And in this respect the covenant whereof we
treat differeth from a pure decree; for from these distinct actings of the will
of God in the Father and the Son there doth arise a new habitude or relation, which is not natural or
necessary unto these, but freely taken on them. And by virtue hereof were all
believers saved from the foundation of the world, upon the account of the
interposition of the Son of God antecedently unto his exhibition in the flesh;
for hence was he esteemed to have done and suffered what he had undertaken so
to do and which, through faith, was imputed to them that did believe. (88)
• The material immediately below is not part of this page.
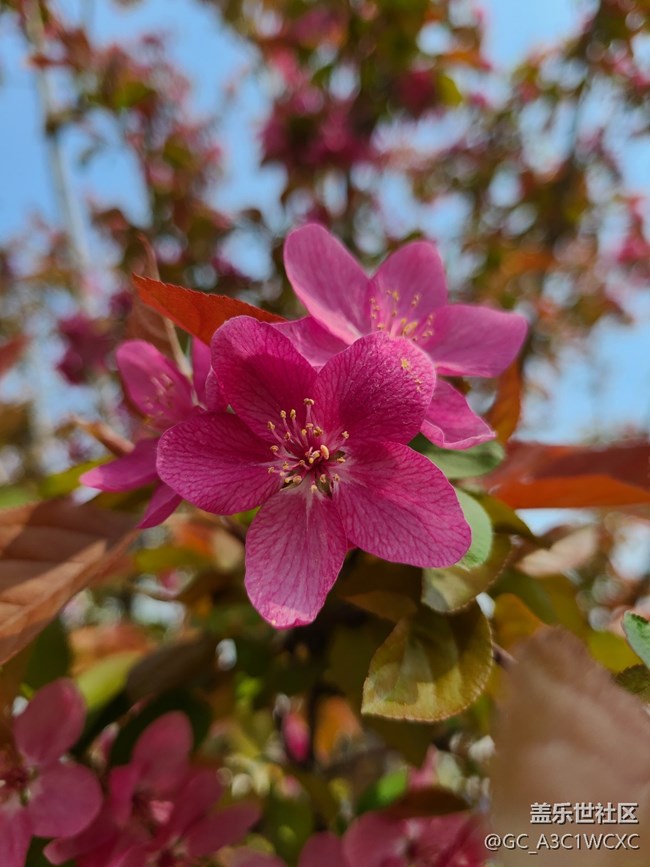【生活中的小美好】 美好生活
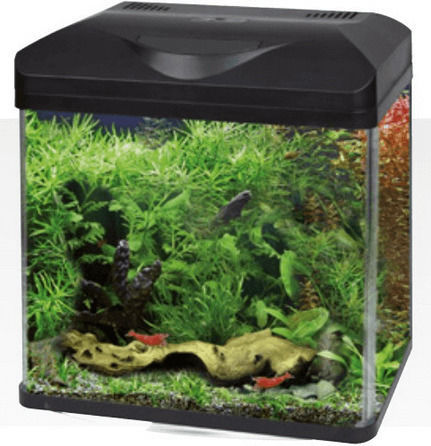 Croci Amtra Laguna 50 LED Ενυδρείο Ψαριών Χωρητικότητας 40lt με Φωτισμό, 38x26x41.5εκ. Μαύρο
So the one will of God as seen in his decree is to be distinguished from the ‘distinct actings’ or the 'distinct applications' of the
persons, which are free acts. [This is an importnat distinction, between acts of members of the Trintiy which are essential, and those which are voluntary. But here we leave it to one side.] In respect of the covenant of redemption each person acts freely, not
necessarily, and each person's 'actings' give rise to a new habitude or relation on the
part of each person regarding what that person has freely entered into. But the question is not simply how the three persons each have distinct relations to one another, but how in the choices that each makes respecting redemption, each person being wholly God, how can we avoid them having three divine wills?
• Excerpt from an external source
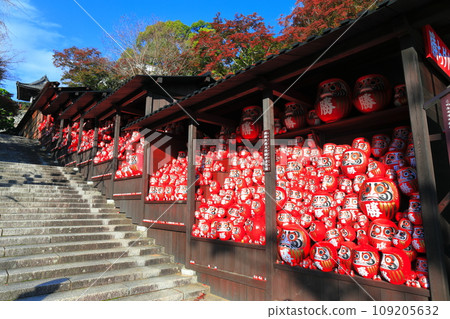 [Osaka Prefecture] Katsuo-ji temple’s Katsuo-dera shrine and autumn leaves on a clear day 109205632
The idea seems to be that if we count acts by their objects then we have distinct application of the will; say that choosing the elect is one object then being the Saviour of the elect is another object. But if we count acts by their sources then since in each case this is God's will then it must be one will. Yet it looks for all the world as if what Owen calls a 'distinct application' of a will is itself an act of the will. What else could it be? But then, an act of whose will?
What are we to think?
Before we try
to answer that question, we need to note that what Owen is describing - free
reciprocity between the persons, the
arising of new habitudes (that is, new capacities) of different sorts in the
Father and the Son, and so forth – is said to occur in the timeless eternity of God’s life. Is this consistent? It does not seem to be.
But the heart of the matter is the will of
God. Consider Owen’s expressions here. The will of God, the one will of God,
has distinct ‘actings’ in accordance with the free (ie non-essential) acts
of each person. Can the one will have such distinct person-related modes and possess a distinct 'habitude' (habit), without there being distinct wills? The insertion of that particular word, 'habitude', does not seem to do any good. Inserting new words is only of use if those words refer to realities that solve or ameliorate the problem. But 'habitudes' refers to the products of these wills (I think) and so is of no help with the 'many wills' difficulty.
Yet Owen may mean something different. Can the will of the Son to do the Father's will be the same willing as that of the Father that the Son do the Father's will, but each expressive of a different habitude, one a filial habitude, the other a paternal habitude? Or the will of the Father to give the Son a bride be the same as that of the will of the Son to be given a bride by the Father? Is that what Owen means? (That is, for every voluntary act of one of the Persons, there are corresponding 'chiming' voluntary acts on the parts of the other persons). If so, he is home and dry. Except that there does not seem much that is bilateral (or trilateral) in such states of affairs, as their respective roles in the covenant of redemption requires.
As Owen earlier says, ‘God’s will be one, as being an
essential property of his nature?....Father, Son and Spirit have not distinct
wills’. Is he not running into obscurities, even contradictions, in pursuit of
a coherent account of an eternal covenant of redemption? Does he not wobble over the question, does the Triune God have one will or not? The going certainly gets pretty treacly, doesn't it? Is not the wiser
course to call off this particular chase and instead to think of the covenantal
language used of the Son in Scripture as applying not to an eternal pactum but to the Son's incarnate life as the
Christ?
I surmise that on balance the language of Scripture to which champions
of the covenant of redemption appeal is either frankly anthropomorphic, pictorial, or accommodated language drawn from post-incarnate situations in
which the Son, in willing obedience to the will of his Father, has
condescended to become incarnate as Jesus Christ, and has as the Lamb of God
subordinated himself to the Father in breathtaking fashion. As the redeemer
taking human nature Christ could say 'My meat and drink is to do the will of him that sent me', so indicating his subordinate economic place regarding the Father, and yet at the
same time say ‘I and my Father are one’, so rubber-stamping the one will of God.
Maybe, in the spirit of William of Ockham, we should not multiply plans unnecessarily; that is, divine plans. (There's not much we can do about human plans.) And stick to 'the plan of salvation'.
[It happens that at present Scott Swain has three articles on the covenant of redemption on Reformation 21, taking up a different stance on it than my rather sceptical approach, and discussing the same passages in Owen and Bob Letham as are discussed above.